The first human case in May 2008, a 15-month-old boy, got the virus when his mother slaughtered a chicken at home and later cuddled him with unwashed hands.

The above comments from a media report on the current H5N1 cluster in a Dhaka slum (Kamalpur), suggests that the infections were due to clade 2.2 (Qinghai strain), which was true for the case confirmed in 2008 (H5N1 sequence was clade 2.2.3), which was also in Kamalpur.  However, more recent H5N1 reports have described clade 2.3 (2.3.2) in wild birds, which are the likely origin of the current outbreaks (human and avian) in Kamalpur.

In 2005 the Qinghai strain was identified in bar headed geese at Qinghai Lake in China, and this sub-clade spread to Europe, the Middle East, and Africa, as well as south Asia, including Bangladesh, India, and Pakistan.  This sub-clade arrived from locations in southern Russia and northern Mongolia, where clade 2.3 has replaced clade 2.2.  Therefore, it is likely that the H5N1 currently circulating in Bangladesh is clade 2.3, not clade 2.2 (or clade 2.1, which has only been reported in Indonesia).

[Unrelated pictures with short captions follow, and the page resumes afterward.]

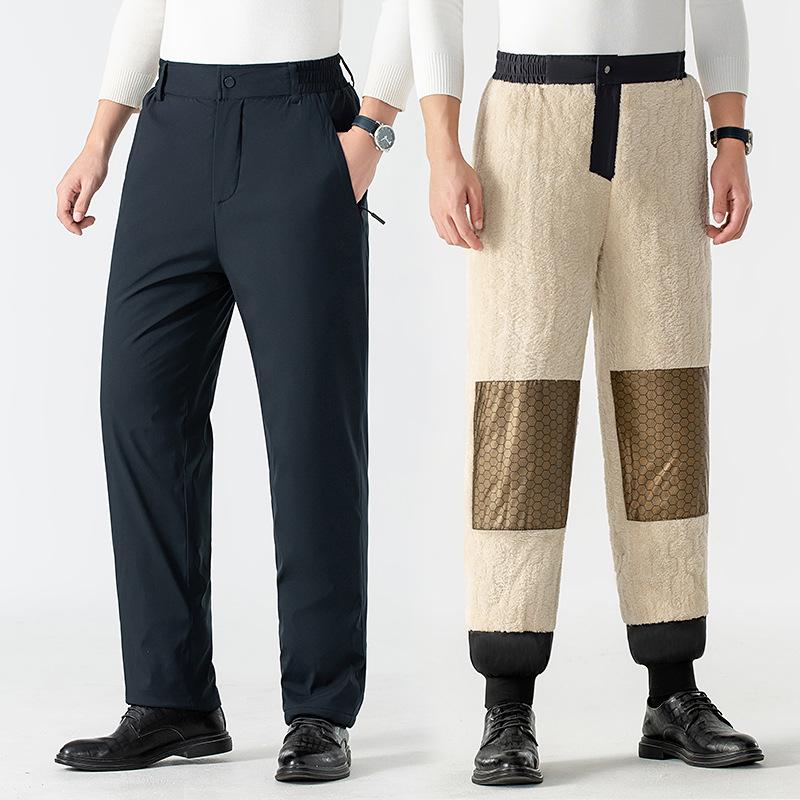 Men's Winter Fleece-Lined Thickened Outerwear Casual Pants Middle-Aged and Elderly Thermal Pants Sports Pants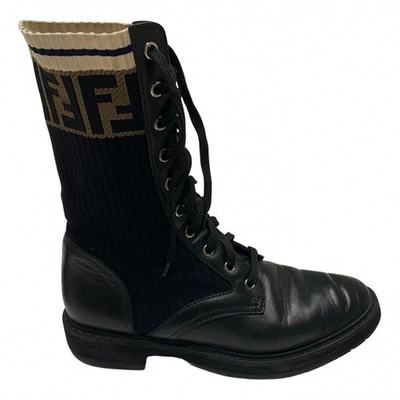 Pre-owned Fendi Black Leather Boots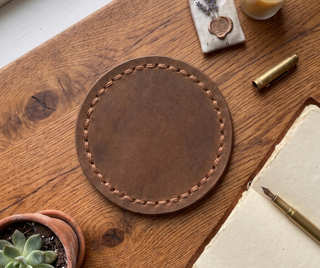 Leather Coaster Set of 4 – Personalized, Handmade Gift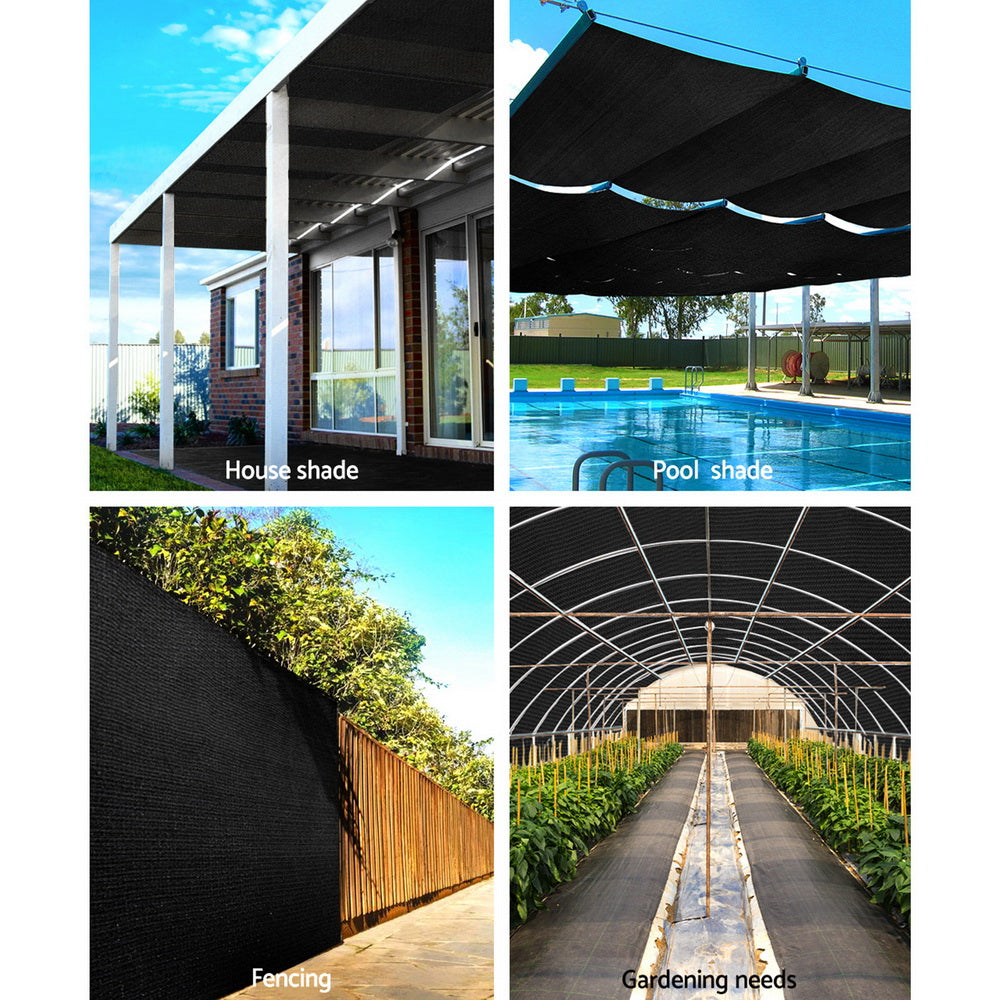 Instahut 90% Shade Cloth 3.66x30m Shade cloth Sail Heavy Duty Black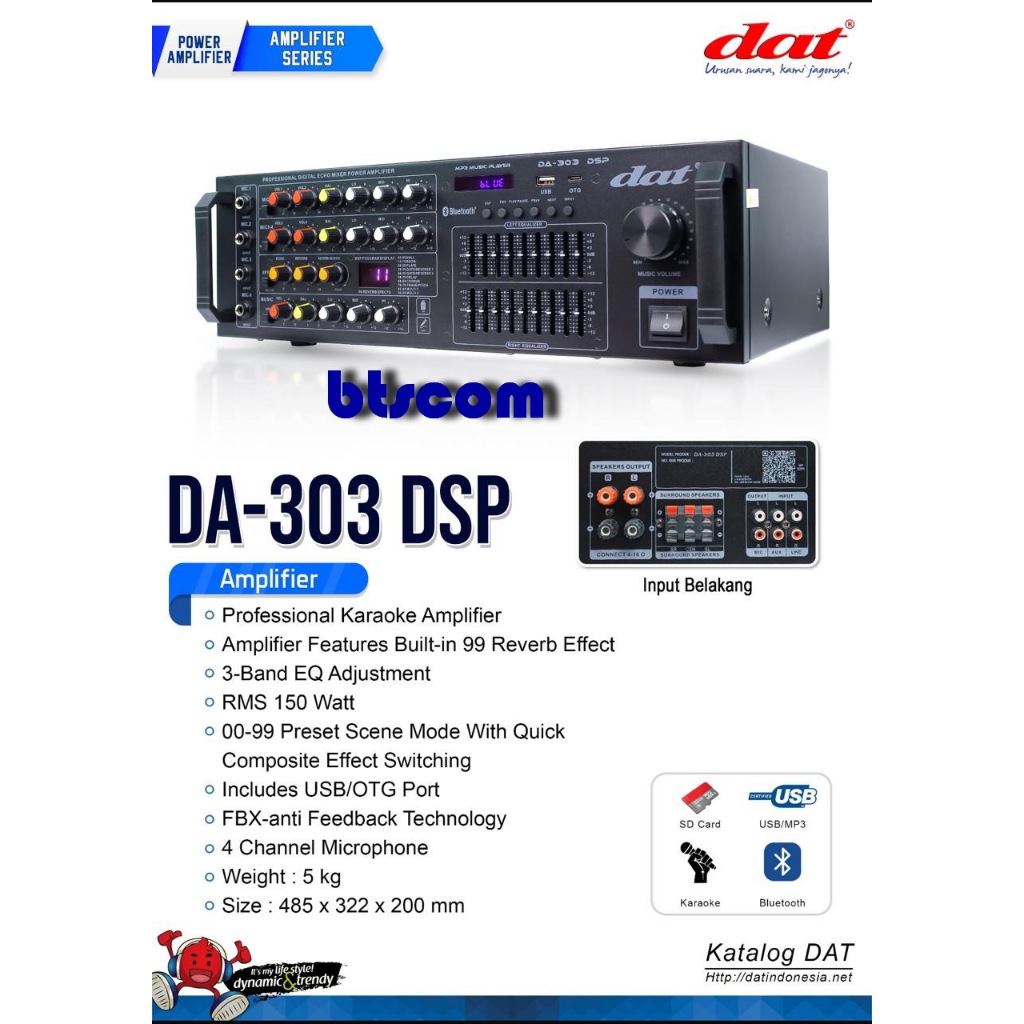 AMPLI DAT DA303 DSP / DA 303DSP AMPLIFIER DAT EQUALIZER PLUS BLUETOOTH USB PLAYER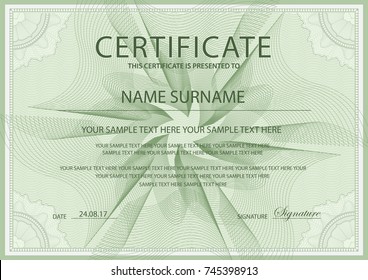 Certificate vector template. Formal secured Guilloche pattern. Green border frame for Diploma, deed, certificate of appreciation, achievement, completion, excellence, attendance design, award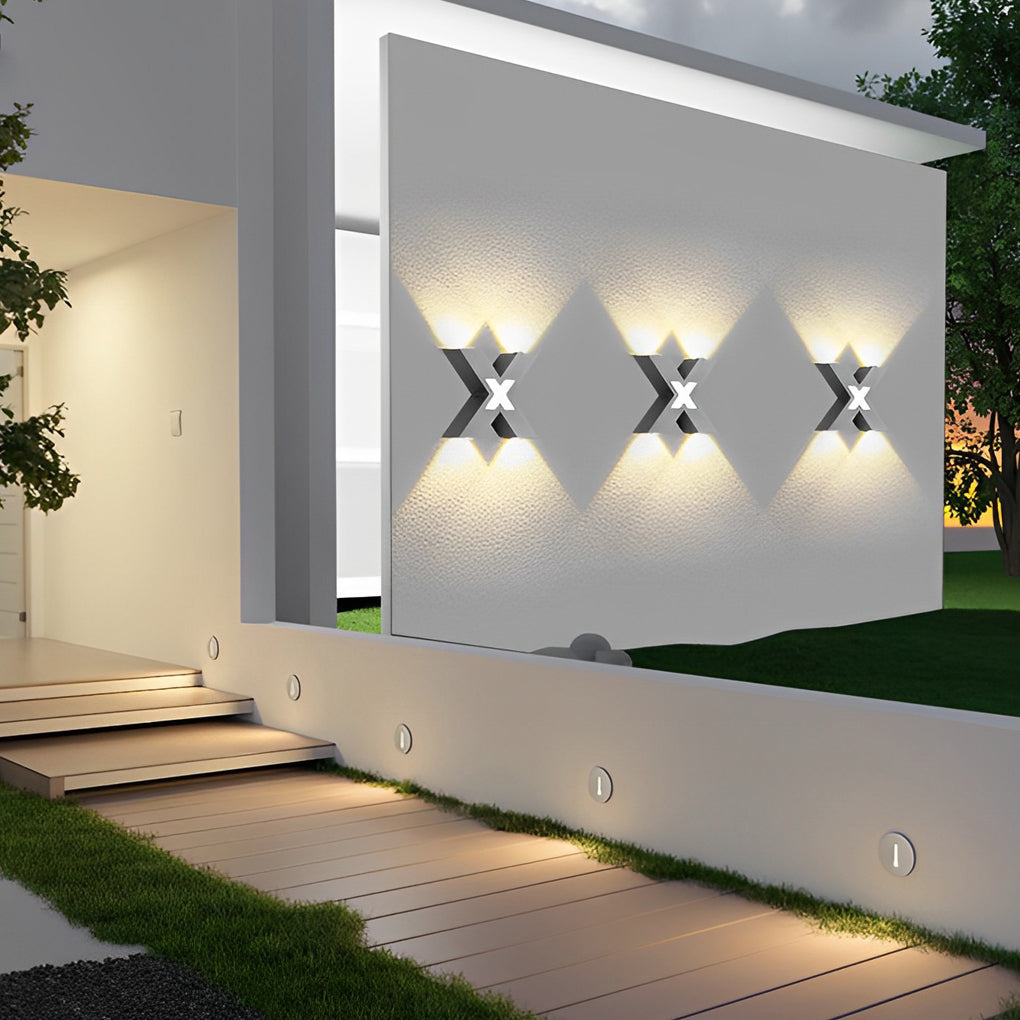 Virairiella X Shape Creative LED Modern Outdoor Wall Lamp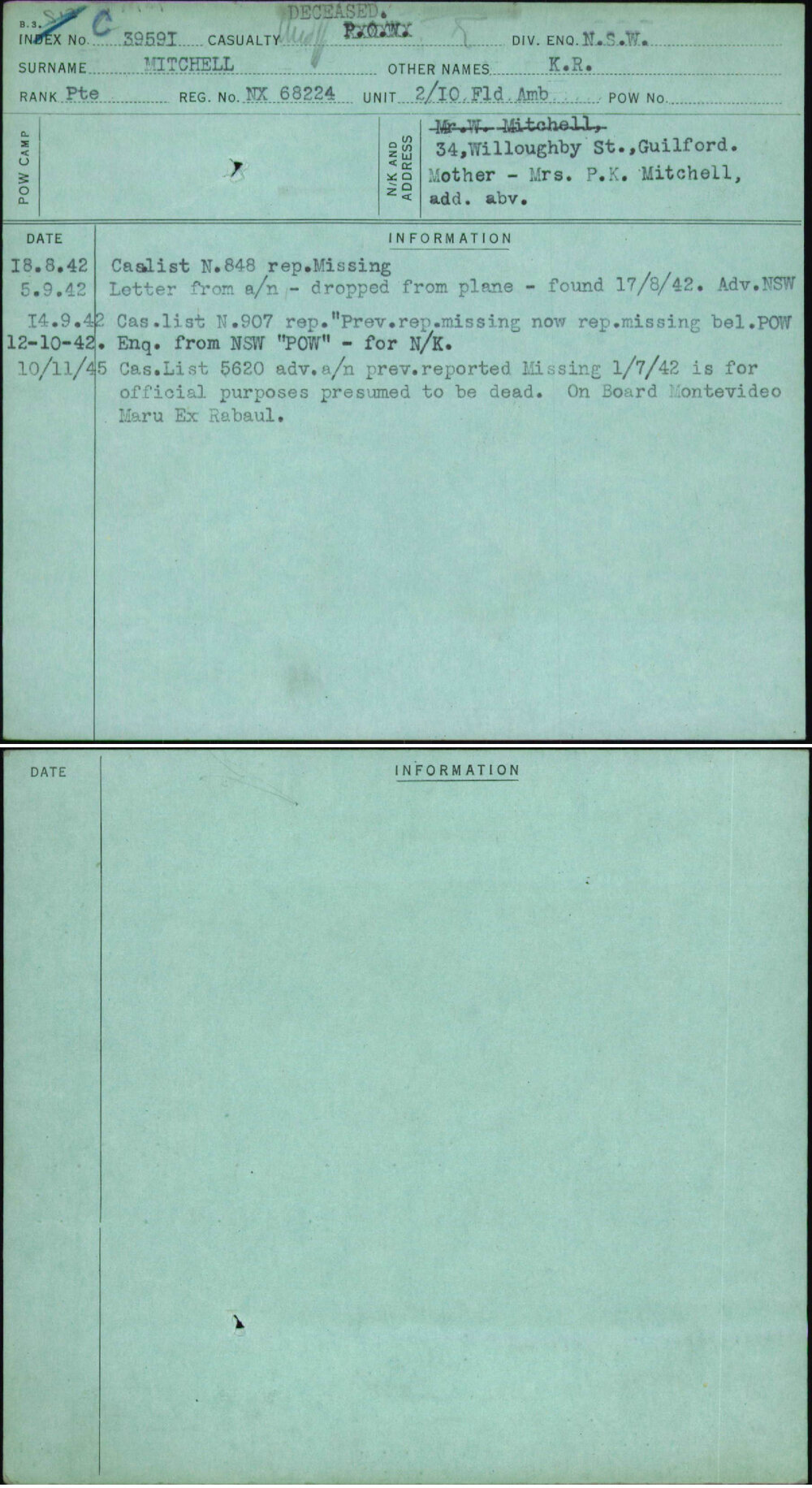 Mitchell, K R, NX68224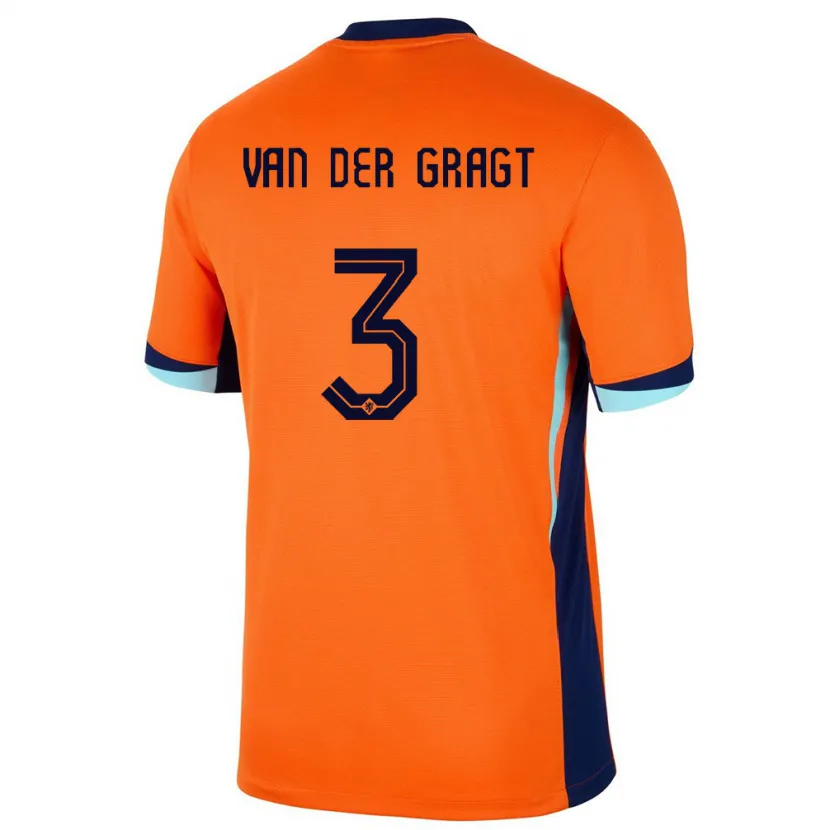 Danxen Herren Niederlande Stefanie Van Der Gragt #3 Orange Heimtrikot Trikot 24-26 T-Shirt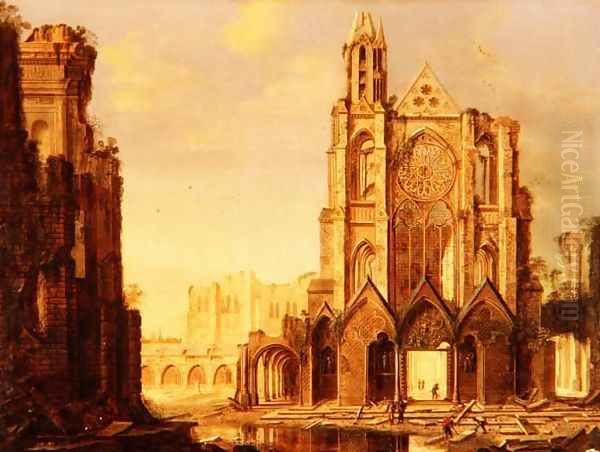 A ruined abbey with workmen - view 1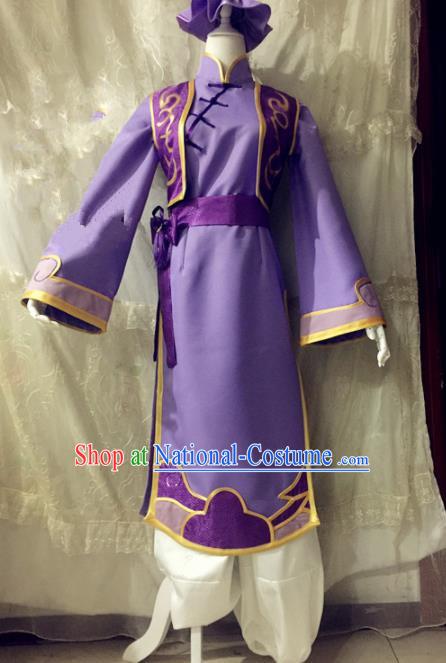 Chinese Traditional Cosplay Costume Ancient Swordsman Purple Hanfu Clothing for Men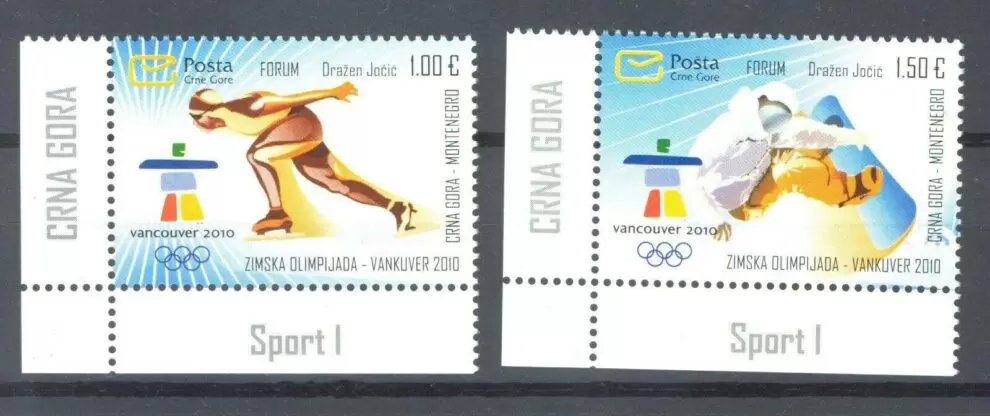 Montenegro year 2010 Winter Olympic Games Vancouver Canada postage stamps set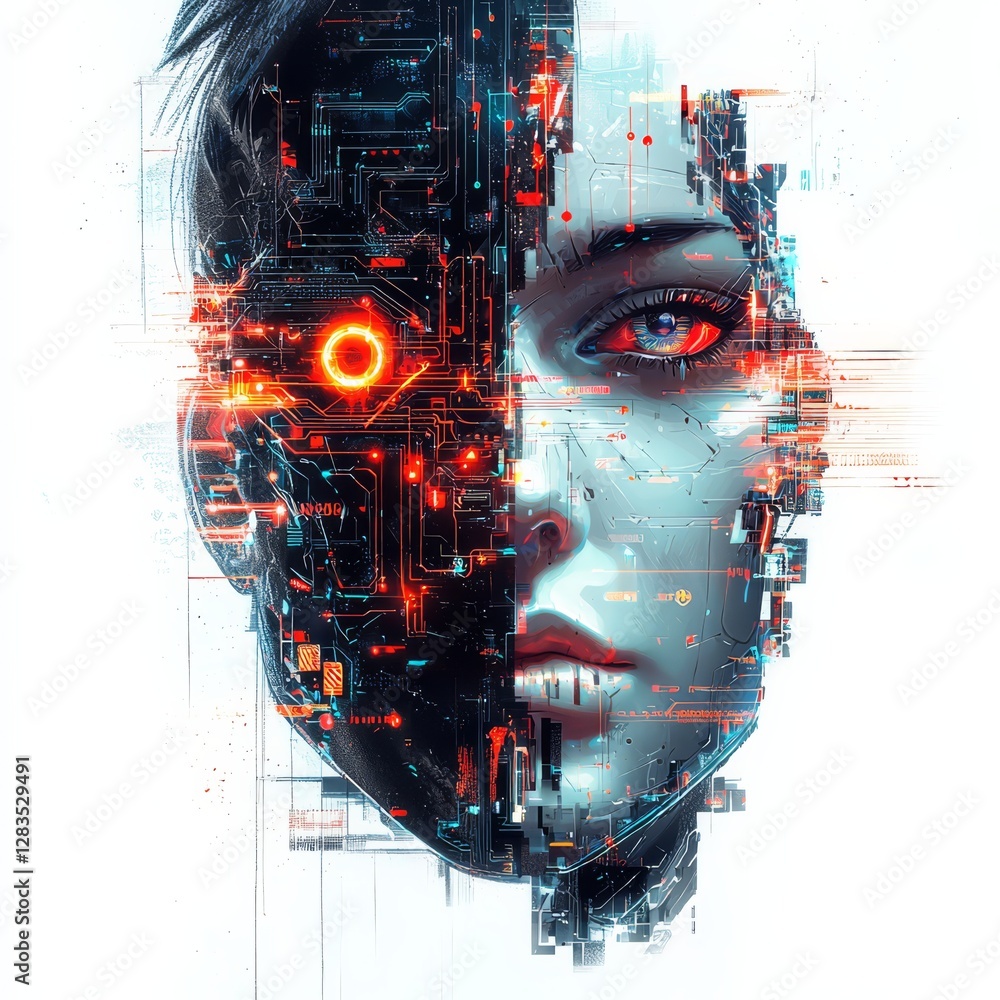 Poster the merging of human and machine: an artistic visualization of a female face morphing into a digital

Clade 2.3.2 has generated more concern based on recent sequences from wild birds collected in 2011.  Sequences from Hokkaido and Fukushima have S227R, which is a concern because changes at position 227 are known to affect the specificity of receptor binding.  In H5N1, S227N was associated with increased affinity for gal 2,6 receptors which is found in human cells located in the upper respiratory tract.  It was predicted to appear in human isolates from the Middle East, which was confirmed in the first case in Turkey in early 2006.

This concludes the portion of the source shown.